To use an example, George Washington Carver is treated as sort of a benign subject in school textbooks. He is framed as being an intelligent innovator who rose above adversity, and all that nice stuff. It’s nice, but it’s not empowering as it should be. In reality Carver in his life became the site of international politics. While he albeit was getting amounts of prestige in the USA for his work (but some of the groups who praised his work later when on to do some of the most unethical experiments in USA history…..so how meaningful was their praise?), he also was entered into some of Europe’s most prestigious scientific societies that at the time almost no Americans were in.
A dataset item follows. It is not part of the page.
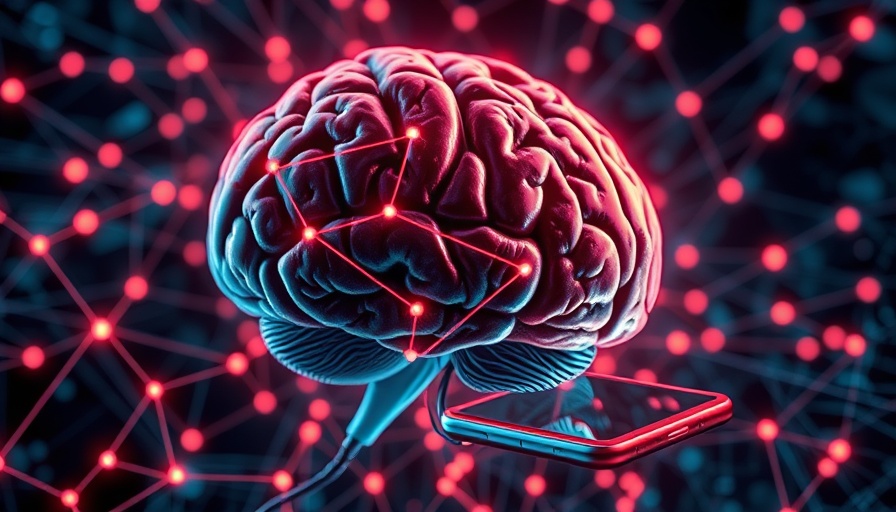 Cognitive readiness abstract with brain, phone, and digital nodes.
Carver’s life became a site where international culture and politics were debated, and more importantly, his advancements abroad meant that this symbolically critiqued American culture and politics. Something America still needs more of. Carver of course isn’t alone, most historical Black Americans in their lives became international symbols showing how broken USA culture/politics was and still is.
If you know your history there is one simple historical fact: Black Americans in history have been the most revolutionary and progressive group of Americans, whose’ lived experience in history sharply critiques and debates the fundamentals of the current USA system which is built on racism, an unequal capitalism, and a facade democracy. That is why when American children learn of historical Black Americans they get the cupcake and sprinkles version: because to truly display and teach what Black Americans were in history, this would embolden American students with the reality that Americans like them have power. It would give American children role models to combat the problems of today by knowing the true nature of these historical Americans’ lives – to know without any manipulation exactly what they were fighting against just by being American and Black.
To say it more simply, to teach real Black American history, the education system would have to also deeply explore what Black Americans fought against in the past (and today). This is why a superficial history of Black Americans’ in schools are taught: because actually educating on Black’s real history and impact as Americans would educate all American youth to know what the problems are and give them conceptual tools rooted in material reality. The current curriculum might have worked and had impact in the 1960s, but there is just too much more about historical Black Americans to focus on and needed right now. Don’t buy this argument? Well think about this then – why the f**k is everyone in (mostly white) Hollywood circle jerking over a movie like ’12 years a slave’ when they could have made a movie about Frederick Douglass and what he did revolutionizing intelligent protest in the USA? Ponder that. If a movie were made on Frederick Douglass’s life and philosophy, which movie do you think would be more meaningful in contemporary society?